Today, I arranged and attended a training session called Getting Things Done. I’d described this to my co-workers as a time management training on steroids. I was looking forward to learning some tips and tricks so I can be more productive, considering there aren’t enough hours in the day to complete all the tasks on my long to do list. By the way…to do lists are very passé now.
Lists are still very much in vogue. In fact, they now recommend more lists, not less. They just don’t call them to do lists anymore, they’ve evolved into something much greater. I’m supposed to empty my cluttered mind and put it all down on paper or in an electronic device every week. After I record all the various random thoughts in my head, I need to place them into categories…lots and lots of different categories.
E-mail has its own special rules and categories. There’s the e-mails I can take care of in two minutes or less and the Nike logo comes to mind-Just Do It. There’s the e-mails that require more than one action. The speaker called those projects. There’s the items that go in the trash. I love those.
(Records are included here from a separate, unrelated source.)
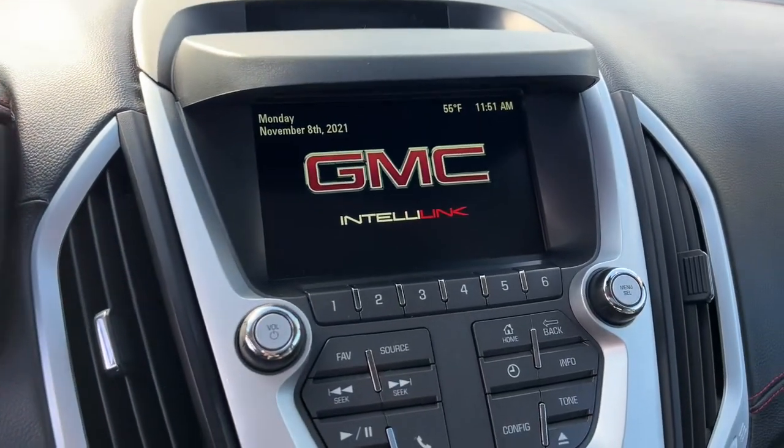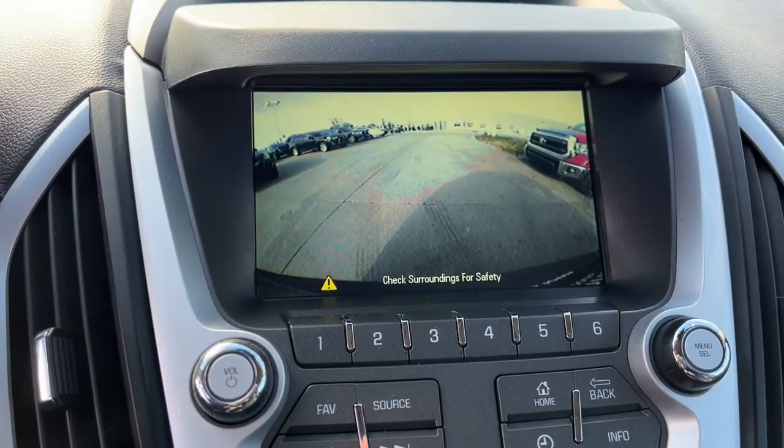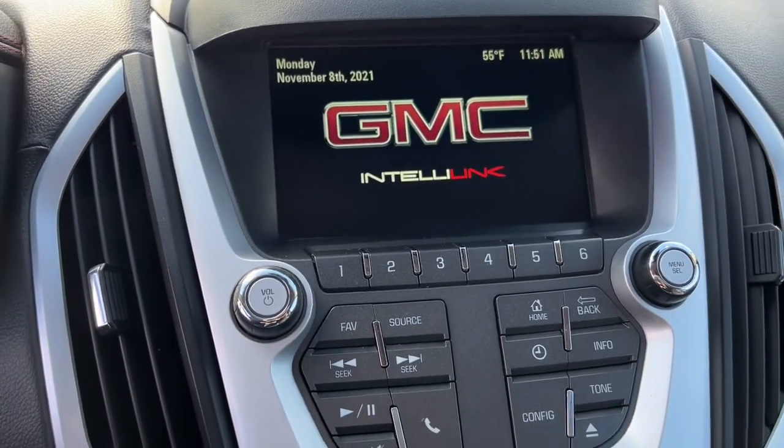Feel the satisfaction that comes from optimizing your driving pleasure. Treat yourself to a road test today. Our staff will toss you the keys and give you an outstanding customer experience.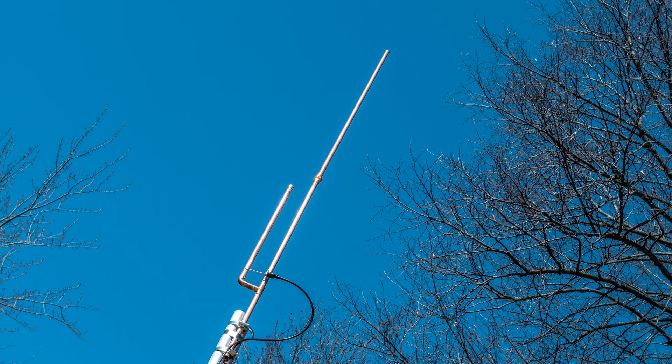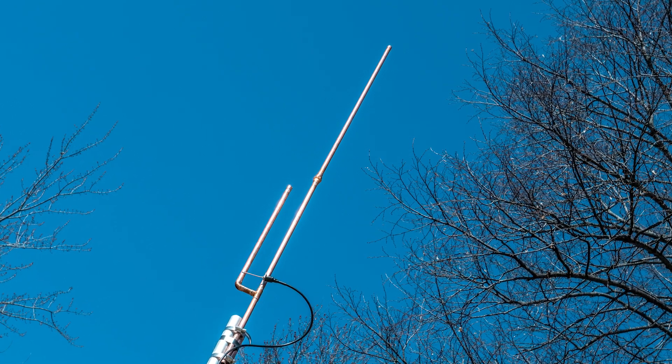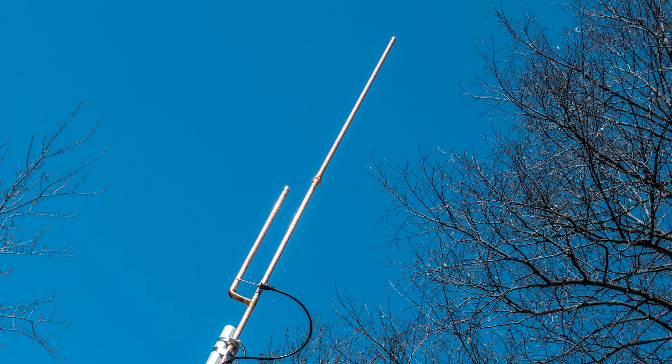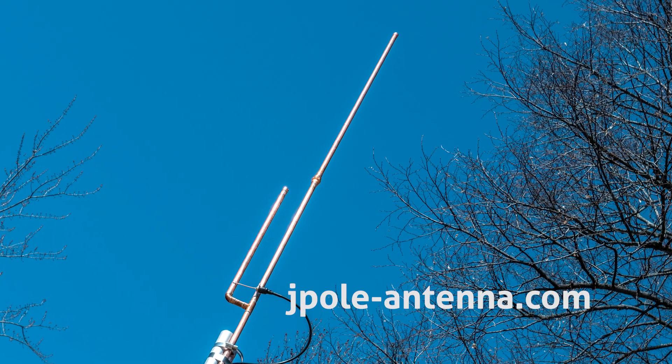KB9VBR antennas are simple, effective, and affordable VHF and UHF antennas for amateur radio, MERS, public safety, and GMRS — made in the USA with quality parts. Get yours online at jpole-antenna.com.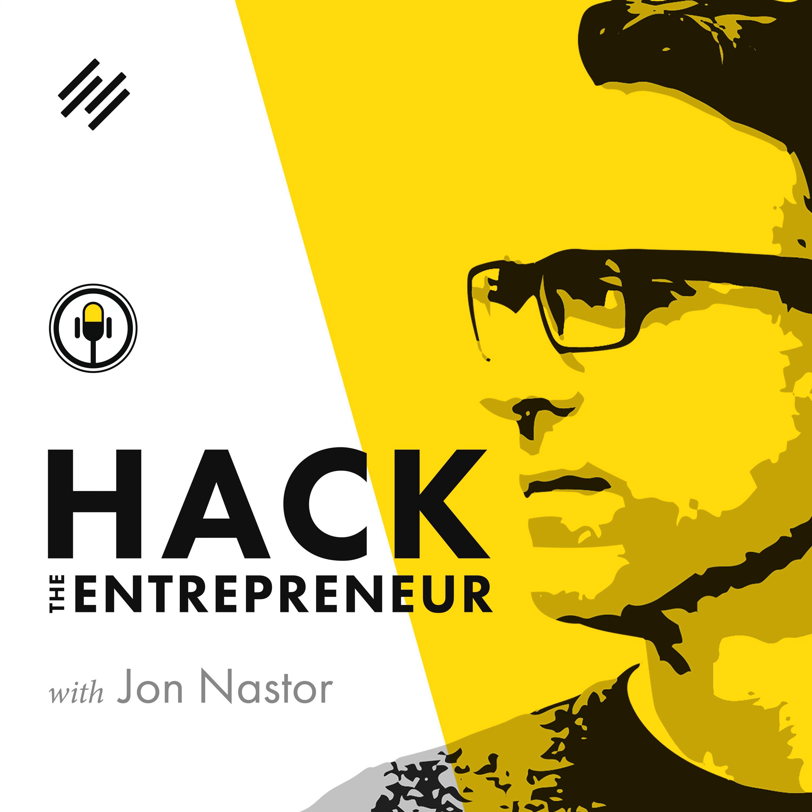Welcome to Hack the Entrepreneur, the show which reveals the fears, habits, and inner battles behind big-name entrepreneurs and those on their way to joining them. Now here is your host, Jon Naster.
There’s the items we can delegate, defer, and ponder for a later date (I’m paraphrasing now). The items we can’t take care of in two minutes or less we need to put on a completely new set of lists to outline next actions. By now, my head is spinning because I don’t make lists on anything, not even in my weapons of mass distraction (another new term for all our electronic devices-iPhone, iPad, iWatch).
While talking to an exceptionally organized colleague who knows exactly what her next steps (actions) will be for everything, and described herself as a linear thinker, I knew I was in trouble. I am the opposite of a linear thinker. Random thoughts pop in my head all the time. I tackle projects haphazardly. I don’t even know who done it, until I write it.
I’m fascinated with technology so there was a small part of me that was excited when the speaker told us to pick a tool to organize our life. I promptly downloaded a note app. I was proud of myself. I thought, I could do this because I get to use my new iWatch.
Time will tell whether I’ll be able to follow the tips and tricks suggested. I do agree with David Allen, the founder of this training, that, “the mind is for having ideas and not holding them.” I plan to record my book ideas into my new iWatch app. When I wake up (in the middle of the night) with the entire dialogue for the next scene in my book whirling around in my head, I’ll record a note in the notes app.